Étape 5 — DÉFI FINAL.
Enchaîne 3 fois de suite à vitesse normale, sans bafouiller. Si tu y arrives, franchement, bravo. t’es au-dessus de 80 % des Français.
Astuce d’orthophoniste, enregistre-toi avec un dictaphone. Écoute l’enregistrement. Corrige. Recommence. Le progrès en prononciation vient de l’écoute de soi-même, pas de la lecture. Sauf que… ben oui, c’est hyper dur de s’écouter au début. On se trouve toujours bizarre. Normal.
8. Défi — écris ton propre virelangue
Prends 3 mots français qui commencent par le même son. Fais-en une phrase. Elle peut être absurde. C’est même mieux si elle l’est — genre, vraiment mieux.
Exemples récents d’apprenants Na Ponta da Língua :
- « Le blanc bagage bleu de Béatrice bavarde ». allitération B.
- « La tarte tatin de tante Tania tourne », allitération T.
- « Six sirops sirotés sereinement ». allitération S + le fameux U.
9. Bonus : le virelangue brésilien préféré des Français
« Três pratos de trigo para três tigres tristes. »
Trois plats de blé pour trois tigres tristes.
À l’oreille française, c’est du chinois. Le mot pratos devient pratous, trigo devient trigou, et les Français décrochent autour de três tigres tristes. Idée d’échange culturel : lance celui-là à un ami français, il te lancera « Les chaussettes de l’archiduchesse ». Personne ne gagne. C’est ça, la beauté. Et puis ça fait toujours marrer tout le monde.
Ce qu’il faut retenir
- Un virelangue = un exercice d’articulation, pas un test d’intelligence. Répète-toi ça quand tu bafouilles pour la dixième fois.
- Trois familles de sons à travailler pour les lusophones : S/CH, R uvulaire, U français. Bon, après, y en a d’autres, mais commençons par là.
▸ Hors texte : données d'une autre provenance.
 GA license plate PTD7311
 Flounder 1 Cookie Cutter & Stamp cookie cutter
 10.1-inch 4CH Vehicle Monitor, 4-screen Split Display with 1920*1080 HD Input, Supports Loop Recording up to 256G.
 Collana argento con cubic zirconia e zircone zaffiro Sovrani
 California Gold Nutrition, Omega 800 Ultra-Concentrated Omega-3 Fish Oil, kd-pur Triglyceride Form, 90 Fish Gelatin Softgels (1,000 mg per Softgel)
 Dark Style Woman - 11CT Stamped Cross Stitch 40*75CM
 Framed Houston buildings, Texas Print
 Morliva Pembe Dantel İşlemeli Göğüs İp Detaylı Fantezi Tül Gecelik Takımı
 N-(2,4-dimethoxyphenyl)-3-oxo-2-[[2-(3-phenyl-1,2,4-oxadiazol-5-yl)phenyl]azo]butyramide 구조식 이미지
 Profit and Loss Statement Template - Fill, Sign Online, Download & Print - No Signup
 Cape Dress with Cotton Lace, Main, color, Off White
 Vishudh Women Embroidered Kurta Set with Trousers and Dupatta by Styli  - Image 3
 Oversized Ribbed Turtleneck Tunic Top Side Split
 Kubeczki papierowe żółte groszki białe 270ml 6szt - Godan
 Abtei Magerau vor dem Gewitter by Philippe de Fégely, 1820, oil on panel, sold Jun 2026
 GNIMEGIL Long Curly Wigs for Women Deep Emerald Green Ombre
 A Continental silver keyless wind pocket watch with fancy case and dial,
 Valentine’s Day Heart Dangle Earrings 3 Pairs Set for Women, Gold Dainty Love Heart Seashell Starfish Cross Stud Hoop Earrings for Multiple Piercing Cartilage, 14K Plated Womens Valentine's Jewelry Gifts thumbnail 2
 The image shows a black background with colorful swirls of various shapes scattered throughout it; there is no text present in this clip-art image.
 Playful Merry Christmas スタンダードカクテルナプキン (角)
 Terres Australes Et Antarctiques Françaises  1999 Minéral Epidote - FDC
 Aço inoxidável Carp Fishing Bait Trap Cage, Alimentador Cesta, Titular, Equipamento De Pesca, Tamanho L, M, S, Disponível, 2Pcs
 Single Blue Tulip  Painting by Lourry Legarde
- La méthode gagnante : lire lentement → décomposer → répéter → accélérer → défi final. Pas de raccourci.
- Enregistre-toi. Impossible de progresser sans écouter sa propre voix. Je sais, c’est pénible. Fais-le quand même.
- Le classique numéro 1. « Un chasseur sachant chasser sait chasser sans son chien. » Si tu maîtrises celui-là, t’es déjà au niveau B1 en prononciation.
- Rire est autorisé, obligatoire même. Personne ne bafouille moins qu’un enfant, et les enfants adorent les virelangues. Donc détends-toi, quoi.
Prends 5 minutes par jour, 3 virelangues, 30 jours. Ton articulation française sera méconnaissable : dans le bon sens.